Start of The data
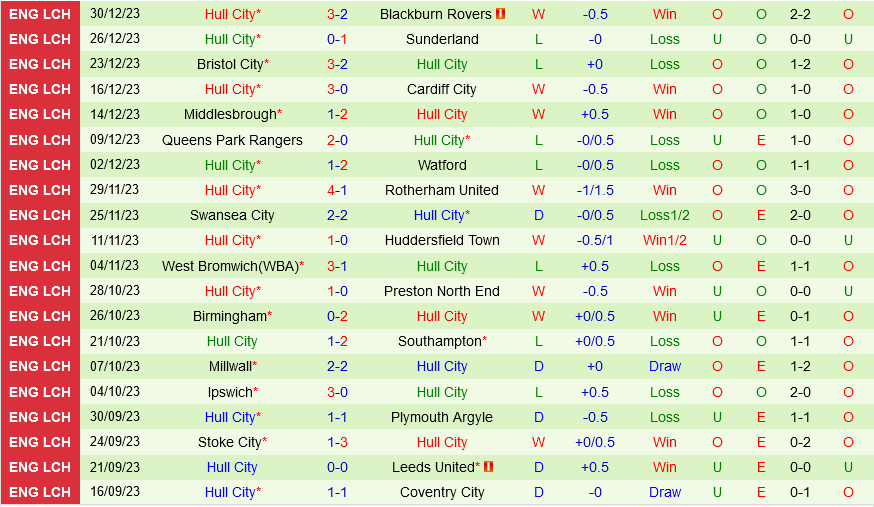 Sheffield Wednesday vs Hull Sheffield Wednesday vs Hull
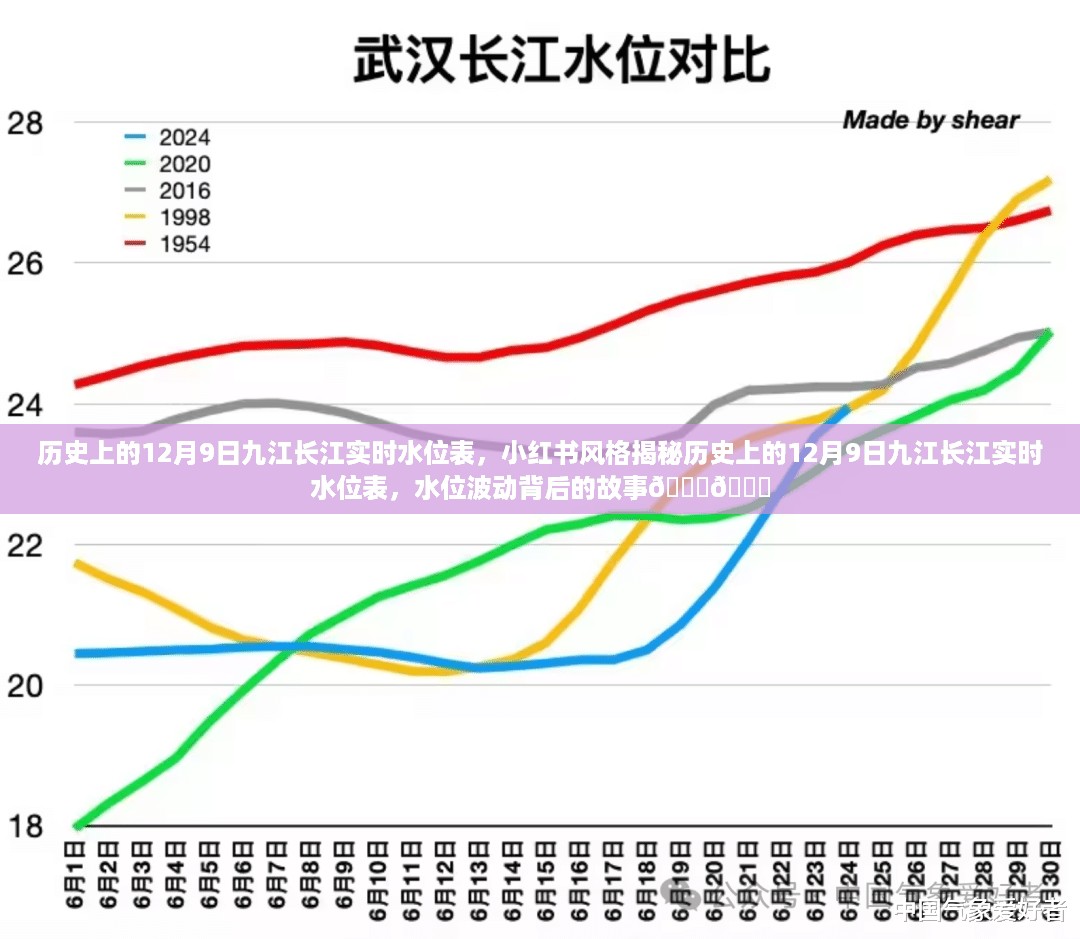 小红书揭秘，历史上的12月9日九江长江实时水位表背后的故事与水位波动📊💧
End of The data
Start of The data
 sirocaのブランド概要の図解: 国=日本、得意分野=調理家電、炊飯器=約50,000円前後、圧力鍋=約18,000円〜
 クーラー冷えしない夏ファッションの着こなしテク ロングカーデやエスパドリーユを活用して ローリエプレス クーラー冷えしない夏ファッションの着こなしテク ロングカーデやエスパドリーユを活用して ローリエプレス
End of The data
- _Problem requirements_: In the data above, take the line with "Sheffield Wednesday vs Hull Sheffield", the line with "小红书揭秘，历史上的12月9日九江长江实时水位表背后的故事与水位波动📊💧", and every line between, and set them down exactly without pictures.

- _Exercise result_:
 Sheffield Wednesday vs Hull Sheffield Wednesday vs Hull
 小红书揭秘，历史上的12月9日九江长江实时水位表背后的故事与水位波动📊💧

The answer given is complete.